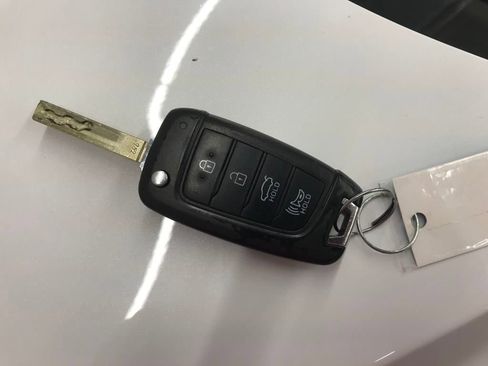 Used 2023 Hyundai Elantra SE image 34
---
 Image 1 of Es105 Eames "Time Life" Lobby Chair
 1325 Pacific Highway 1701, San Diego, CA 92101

What this task involves.
Copy the lines above exactly, beginning at the line that has "Image 1 of Es105" and stopping after the line that has "1325 Pacific Highway", and omit the rest.

Result for this task.
 Image 1 of Es105 Eames "Time Life" Lobby Chair
 1325 Pacific Highway 1701, San Diego, CA 92101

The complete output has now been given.